--- Description of the task ---
Pictures aside, write out the data exactly as it reads.

--- Source material ---
════════════════════

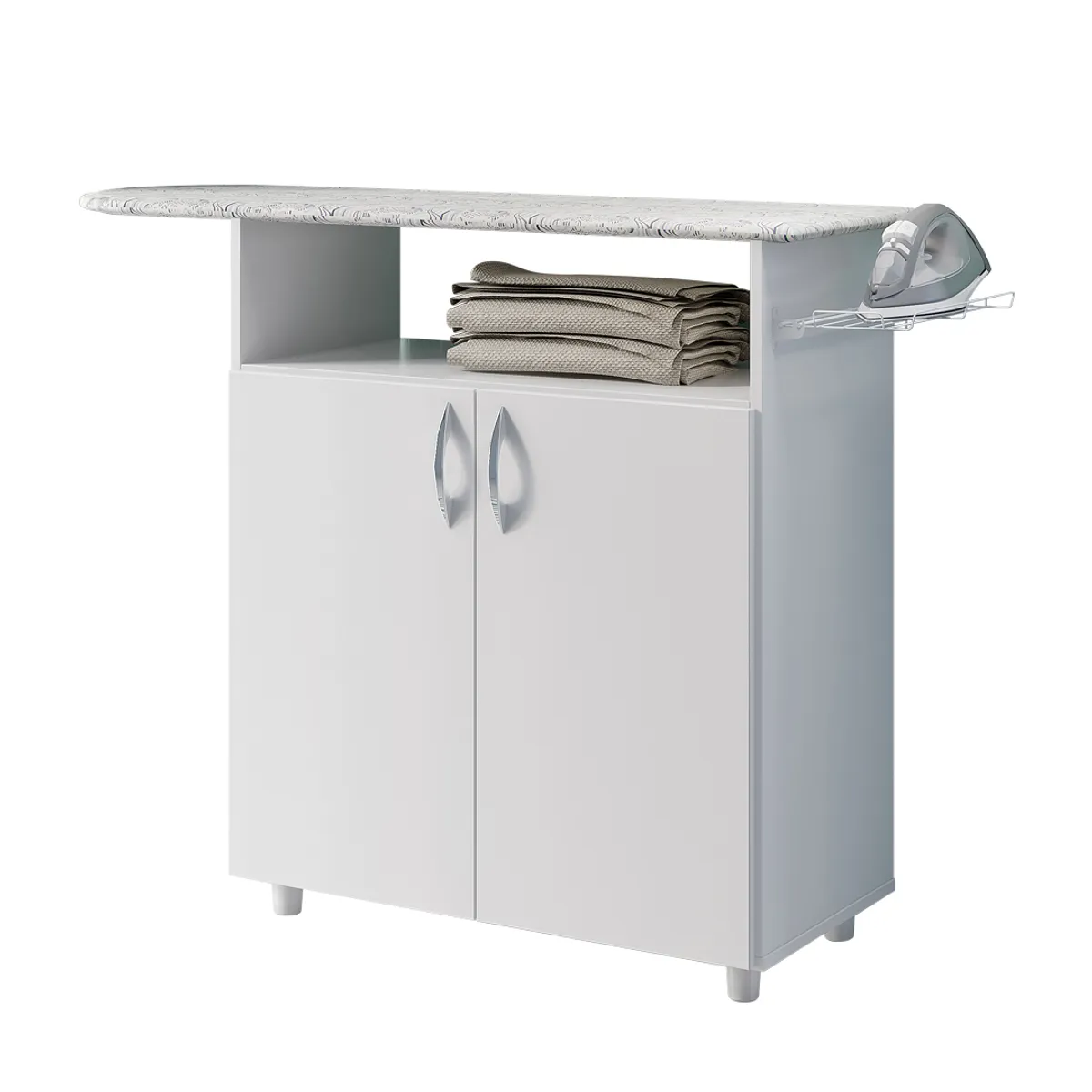 HOME MOBILI - Mueble Para Planchar Artus Blanco 2P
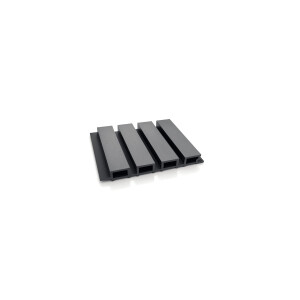 Riflaj WPC canelat negru, Dimensiune: 219x26mm, Lungime 3600mm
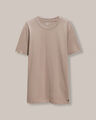 Playera Larga Slim Lila,CAFE
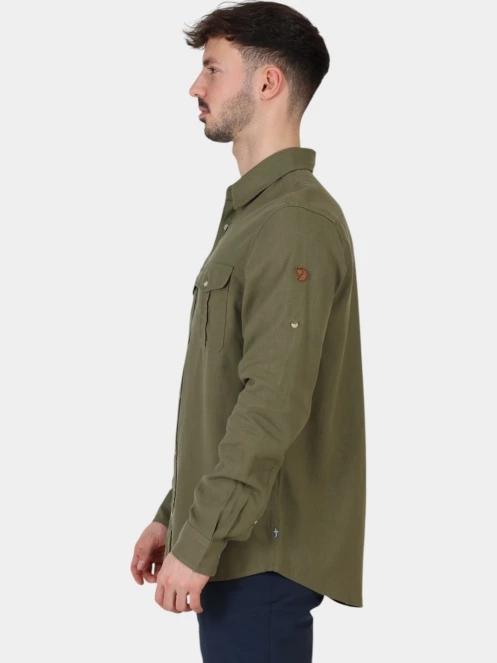 camasa cu maneci lungi pt. barbati Fjallraven Övik Travel Shirt LS M verde 3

════════════════════

--- Output below ---
 HOME MOBILI - Mueble Para Planchar Artus Blanco 2P
 Riflaj WPC canelat negru, Dimensiune: 219x26mm, Lungime 3600mm
 Playera Larga Slim Lila,CAFE
 camasa cu maneci lungi pt. barbati Fjallraven Övik Travel Shirt LS M verde 3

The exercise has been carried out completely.